CPUs are not GPUs. It is not a 1 to 1 comparison.
FPS per clock doesn't give you information about the architecture by design... You're not getting it. You are drawing conclusions you cannot draw. You DONT know the IPC of a shader core or of any other individual compute unit in the GPU. You CANT know it from the data you are claiming shows IPC. GPUs are BY THEIR NATURE highly parallel. Occupancy is as important or more important than per-shader speed. FPS per clock doesn't pretend to know things it doesn't know.
When you measure "IPC" how do you know its due to a faster shader core or if its due to better scheduling and occupancy? Answer: You don't.

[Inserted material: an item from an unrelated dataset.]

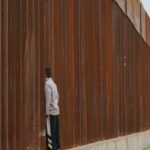Refugee Crisis - Man Standing on Fence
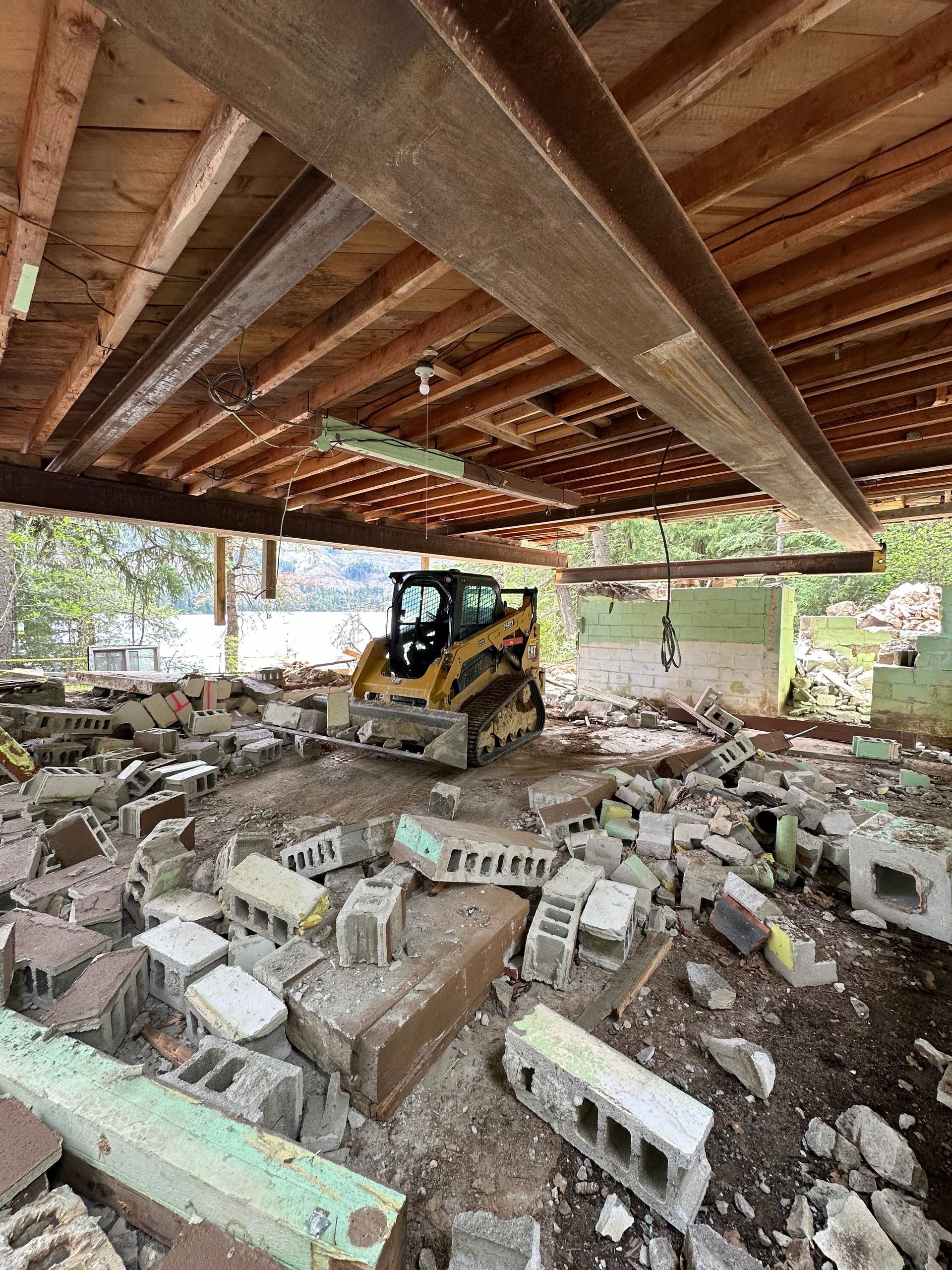 Demolition site with a small yellow skid steer, debris, and exposed overhead beams.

Notice Intel is talking about their CPU core (a single core). Not greater multithreading across all present cores (= higher occupancy). Not increased bandwidth. Not any other bottleneck. Your measurement that you think is IPC includes occupancy bottlenecks, fixed function logic bottlenecks, memory bottlenecks and more. You are NOT measuring IPC, period. Intel doesn't compute their IPC looking at how well they can fill every thread on every core in their architecture, that's obviously not IPC.
Repeat after me: Higher Occupancy is Not Higher IPC. Higher Occupancy is Higher Throughput. Higher Concurrency is Higher Throughput.
Lets put this another way to make it extra clear:
Imagine the GPU is a server farm made up of 128 individual CPU cores. If you test that server farm with a program that measures how fast 1 core in 1 CPU can go that doesn't require hitting memory or storage, you have measured the IPC of that 1 core in 1 CPU. If you put a highly scalable load that scales to 128 cores against that server, you are not measuring IPC. You are measuring total throughput. Read the recent Xeon D vs Cavium ThunderX review to understand the idea. IPC factors in. But equally or more so does: thread scheduling, how parallel the workload is, how much bandwidth you need, etc. A higher throughput machine can beat a higher IPC machine, which is obvious.
If you used an old 4P server with very poor inter-socket communication you would NOT say that each core has lower IPC versus a single socket of the same CPU just because it has lower total throughput per core (total performance divided by # of cores). The CPUs are the same. They have the same IPC. Dividing performance by core count did not reveal the IPC. It revealed total throughput (specifically, it would help measure scaling inefficiency as socket count goes up). When you use a Xeon Phi which has much better intercore communication performance as compared to a similar number of Xeon CPUs, you don't claim the Xeon Phi has better IPC. There is more to throughput and performance than IPC. And in a workload that is not dependent on low latency and intercore communication, the non-phi Xeon array would likely go faster due to its higher IPC. But it also could be slower in the right workload. The modified Silvermont core's IPC didnt change between workloads. Other bottlenecks arose and reduced TOTAL THROUGHPUT.
Notice in that review that certain CPUs even those having MORE IPC actually do worse because they have other bottlenecks like insufficient RAM or bandwidth. This is like a GPU, where consistently filling each queue with work (CONCURRENCY) without running into bottlenecks is as important as ensuring each single queue can execute the work quickly (IPC).
To bring this to the topic of the thread: We don't know Pascals IPC despite how fervently people try to act like they do. Each core likely does exactly the same amount of work. The structural changes from Maxwell to Pascal likely result in increased occupancy so that each unit has work more often. Im just speculating, and so is everyone else. The data only shows how many FPS can be produced with every clock. Or if you divide FPS by shader count, then by clock you have FPS per shader per cycle. Without better testing or better data we will never know if it is because each individual computational unit is faster or if it is because they've increased occupancy, or if its that they've decreased latencies in the chip fabric or any of the other intricacies involved in getting thousands of compute units to work together. If you want to call FPS per shader per cycle "IPC" no one can stop you but it's not going to be correct.
By your definition: Run 2 cards in SLI with 80% scaling. Divide total FPS by core count by shader count. Oh my god, My IPC goes down in SLI.
By correct definitions: Run 2 cards in SLI with 80% scaling. Divide total FPS by core count by shader count. Wow, looks like my total throughput per card and per shader decreased in SLI, since I know IPC doesn't change based on scaling inefficiencies, I know my bottleneck is from SLI.
There is no avoiding that work division and scheduling are major determinants of performance in a parallel computation, and that IPC is separate from that.